*** Dataset section
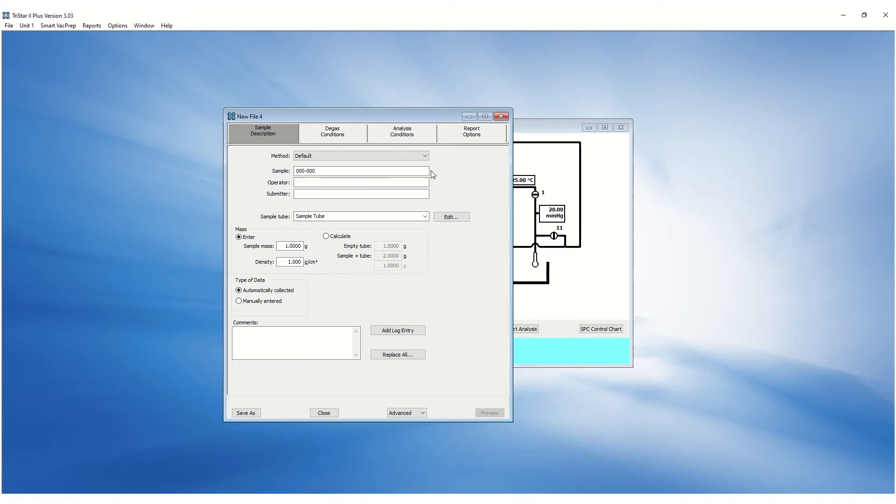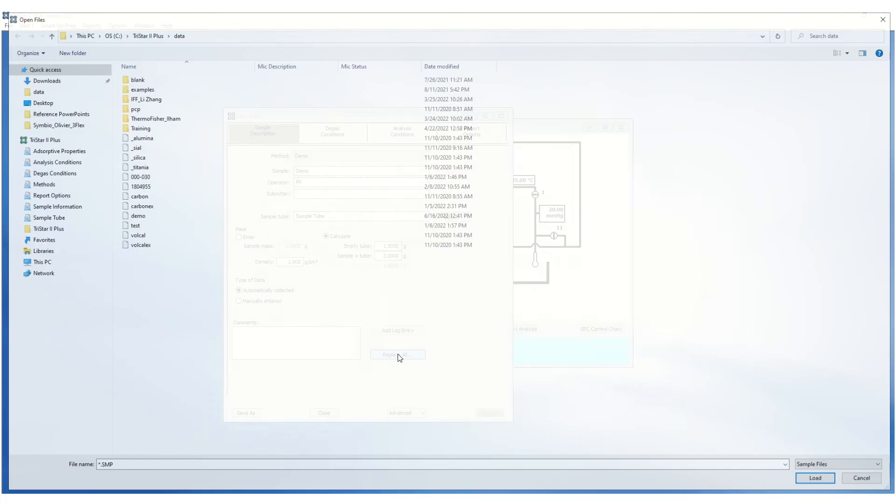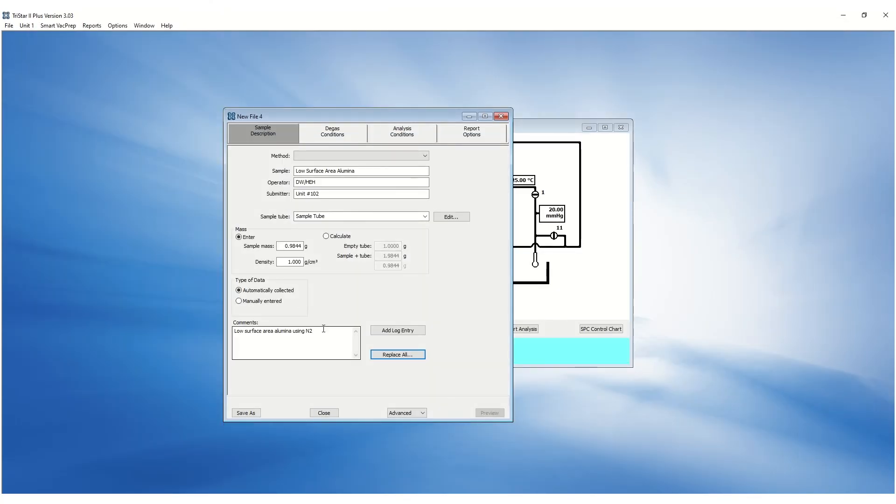The saved method will appear in the Method drop-down menu under the Sample Descriptions tab, or you can create a new sample file. Click on the Replace All button to browse and select the sample file you wish to copy. This allows copying all the parameters of an existing without the data.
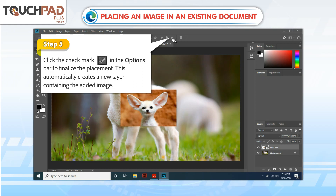This automatically creates a new layer containing the added image.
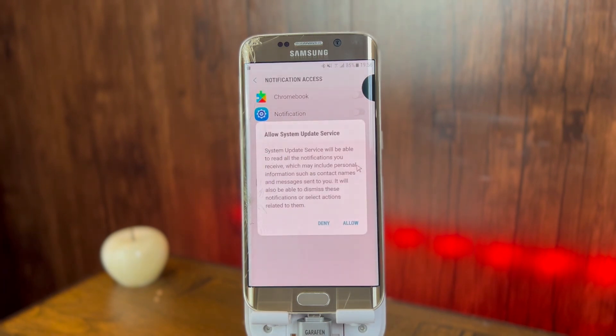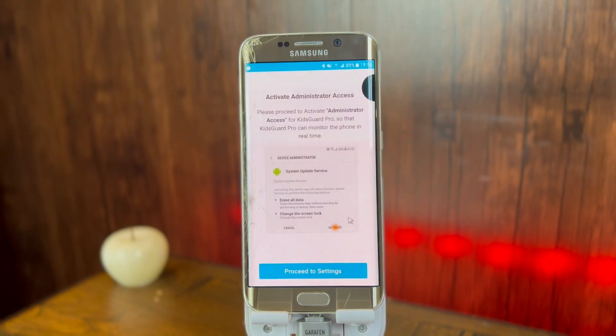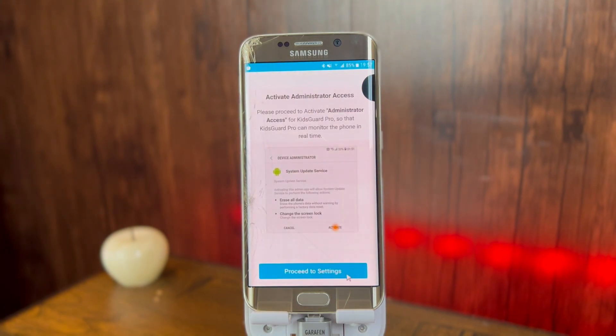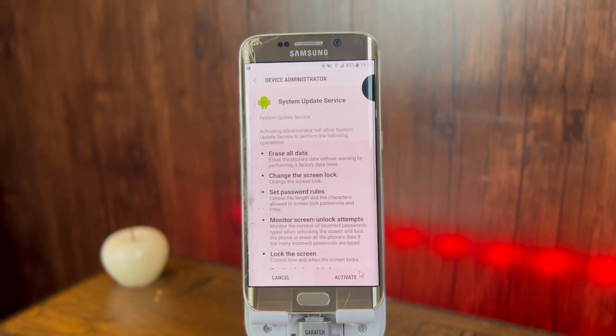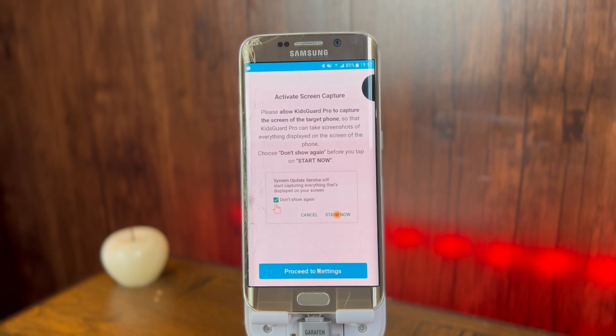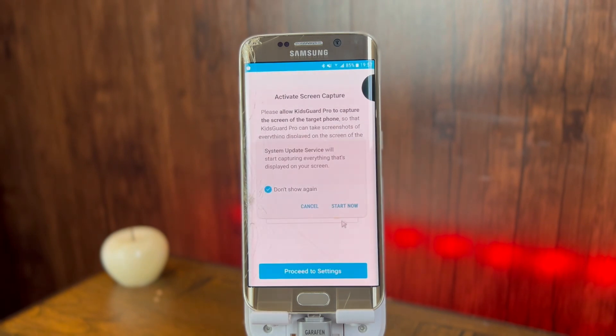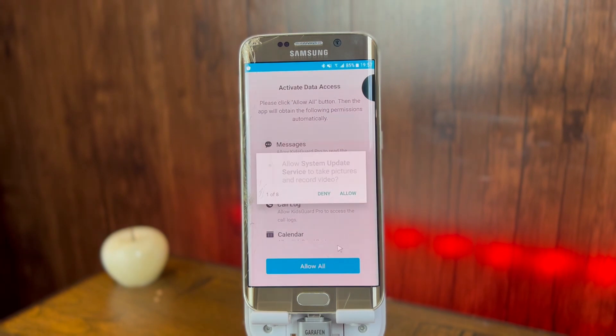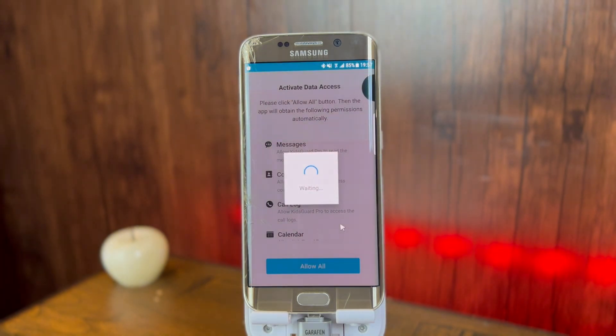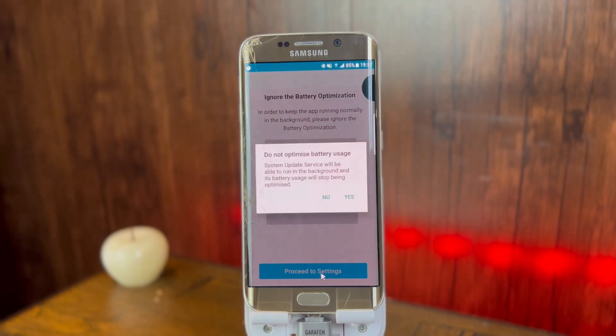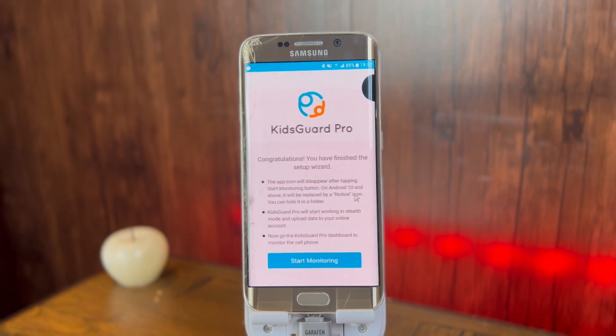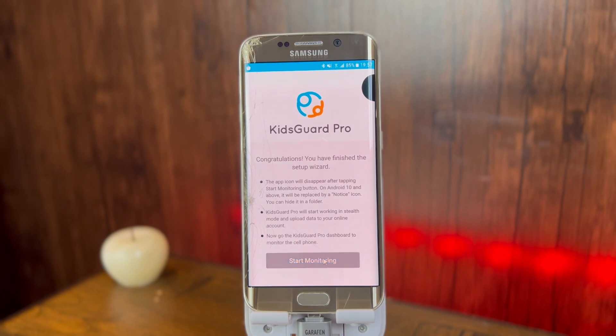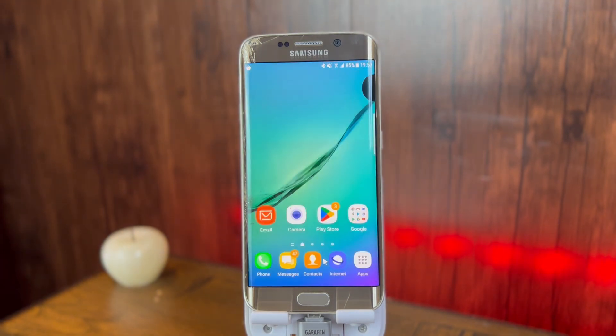Then you will have to activate the notification access. For that, enable System Update Service here again. Then you need to give it the permission to do the tasks. After that, you'll click on start now. Allow all of the permissions given here, and after that wait for it to set up everything. Then ignore the battery optimization option for this application.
******
> [Exercise objective]: Reproduce the material exactly; omit the pictures.

> [Written solution]:
The saved method will appear in the Method drop-down menu under the Sample Descriptions tab, or you can create a new sample file. Click on the Replace All button to browse and select the sample file you wish to copy. This allows copying all the parameters of an existing without the data.
This automatically creates a new layer containing the added image.
Then you will have to activate the notification access. For that, enable System Update Service here again. Then you need to give it the permission to do the tasks. After that, you'll click on start now. Allow all of the permissions given here, and after that wait for it to set up everything. Then ignore the battery optimization option for this application.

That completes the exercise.